Parsing (a Series of) Variables

M

Mike Copeland

How do I (or can I?) parse a variable number of numeric values from a
line of text? Below is an example of a data line I need to parse (14
values, but there can be more or less):

1 37 36 4 7 5 6 8 9 10 20 32 23 16

I'm currently using the routine below, which works in a sense, but I
have to ignore blank values in the output vector. In the example data,
I get 20 vector elements, but I have to ignore 6 of them. 8<{{

typedef vector<string> TOKENS1; // parsing structure
TOKENS1 tokArray;
void parseSpace(string line) // parse & store blank-separated tokens
{
string tok1, tok2;
istringstream iss1(line);
tokArray.clear();
while(getline(iss1, tok1, ' '))
{
if(tok1.find(' ') != string::npos)
{
istringstream iss1(tok1);
while(getline(iss1, tok2, ' '))
{
if(!tok2.empty()) tokArray.push_back(tok2);
} // while
} // if
else tokArray.push_back(tok1);
} // while
return;
} // parseSpace

I assume there is a better way to parse such data (it might involve
stringstream).
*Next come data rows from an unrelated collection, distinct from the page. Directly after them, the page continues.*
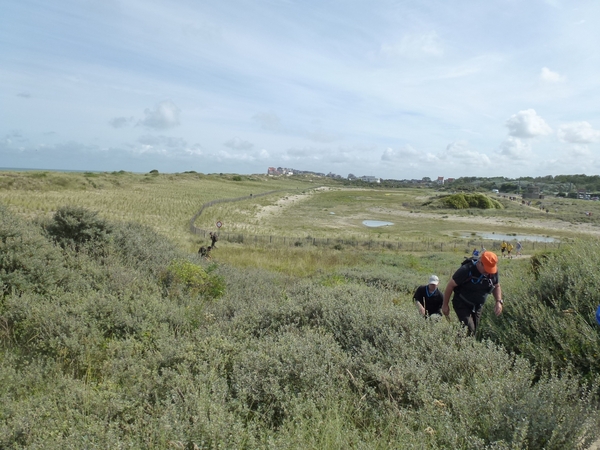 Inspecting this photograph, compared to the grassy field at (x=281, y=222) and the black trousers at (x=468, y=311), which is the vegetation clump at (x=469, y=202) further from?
the black trousers at (x=468, y=311)

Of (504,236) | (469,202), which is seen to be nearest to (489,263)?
(504,236)

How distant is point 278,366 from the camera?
360cm

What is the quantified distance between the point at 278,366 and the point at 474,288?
3.43 m

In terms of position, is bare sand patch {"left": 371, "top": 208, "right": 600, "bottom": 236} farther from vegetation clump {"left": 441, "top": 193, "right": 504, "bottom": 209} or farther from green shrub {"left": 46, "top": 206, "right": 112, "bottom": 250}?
green shrub {"left": 46, "top": 206, "right": 112, "bottom": 250}

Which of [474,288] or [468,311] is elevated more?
[474,288]

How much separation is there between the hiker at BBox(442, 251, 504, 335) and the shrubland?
0.28 meters

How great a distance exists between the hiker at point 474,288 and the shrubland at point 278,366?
28 cm

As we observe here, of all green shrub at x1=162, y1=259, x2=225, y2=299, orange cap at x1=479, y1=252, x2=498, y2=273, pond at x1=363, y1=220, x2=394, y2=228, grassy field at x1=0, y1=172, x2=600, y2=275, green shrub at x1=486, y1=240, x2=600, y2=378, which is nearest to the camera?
green shrub at x1=486, y1=240, x2=600, y2=378

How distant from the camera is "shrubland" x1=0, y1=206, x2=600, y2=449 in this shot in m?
2.72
If so, how would I do such a thing in C++? TIA
 
S

Stefan Ram

How do I (or can I?) parse a variable number of numeric values from a
line of text? Below is an example of a data line I need to parse (14
values, but there can be more or less):
1 37 36 4 7 5 6 8 9 10 20 32 23 16

#include <iostream>
#include <ostream>
#include <sstream>

int main()
{ ::std::stringstream source{ "1 37 36 4 7 5 6 8 9 10 20 32 23 16" };
for( int i; source >> i; )::std::cout << i << '\n'; }
I'm currently using the routine below, which works in a sense, but I
have to ignore blank values in the output vector. In the example data,
I get 20 vector elements, but I have to ignore 6 of them. 8<{{

What does »ignore blank values in the output vector« mean?
(Which output vector? What is a »blank value«? What is the
operation »ignore« supposed to do?)
 
S

Stefan Ram

(Which output vector? What is a »blank value«? What is the
operation »ignore« supposed to do?)

Sorry, in the meantime, I saw that there is an output vector
in the example code. So that answers my first question.
 
M

Mike Copeland

#include <iostream>
#include <ostream>
#include <sstream>

int main()
{ ::std::stringstream source{ "1 37 36 4 7 5 6 8 9 10 20 32 23 16" };
for( int i; source >> i; )::std::cout << i << '\n'; }


What does »ignore blank values in the output vector« mean?
(Which output vector? What is a »blank value«? What is the
operation »ignore« supposed to do?)

Ultimately, I want to store the converted values into an array
(perhaps another vector). In your example, I don't understand why the
"for loop" passes over the data values. Also, I'm not interested in
displaying the numbers, but instead want to store them somewhere. The
"cout" doesn't do that for me, and I don't see how to access/store each
value as it passes through the loop. 8<{{
Please advise. TIA
 
S

Stefan Ram

"cout" doesn't do that for me, and I don't see how to access/store each
value as it passes through the loop. 8<{{

#include <iostream>
#include <ostream>
#include <sstream>
#include <vector>

int main()
{ using number = int;
::std::vector<number> vector;
::std::stringstream source{ "1 37 36 4 7 5 6 8 9 10 20 32 23 16" };
for( number i; source >> i; )vector.push_back( i ); }
 
S

Stefan Ram

#include <iostream>
#include <ostream>
#include <sstream>
#include <vector>
int main()
{ using number = int;
::std::vector<number> vector;
::std::stringstream source{ "1 37 36 4 7 5 6 8 9 10 20 32 23 16" };
for( number i; source >> i; )vector.push_back( i ); }

Refactor »rename variable«: »vector« -> »target«
(corresponding to »source«), »i« -> »num« (corresponding to
»number«) and removed two include directives (untested):

#include <sstream>
#include <vector>

int main()
{ using number = int;
::std::stringstream source{ "1 37 36 4 7 5 6 8 9 10 20 32 23 16" };
::std::vector<number> target;
for( number num; source >> num; )target.push_back( num ); }
 
M

Mike Copeland

It is. However, as I've tried to work with solutions I've received
I've learned that the approaches I've taken aren't as good as I'd like.
Consequently, I've had to refine my query...and this has been the
result.
Sorry if you consider it a waste of time. I continue to work at
improving my skills, as I evolve from procedural coding to more up-to-
date technologies and methods. At my age (73), it's not as easy as it
may be for most here.
My apologies...
 
H

Haochen Xie

Mike said:
Ultimately, I want to store the converted values into an array
(perhaps another vector). In your example, I don't understand why the
"for loop" passes over the data values.

OK, so since Stefan has already given you the version with a vector, I'm
just going to explain why the for loop would work.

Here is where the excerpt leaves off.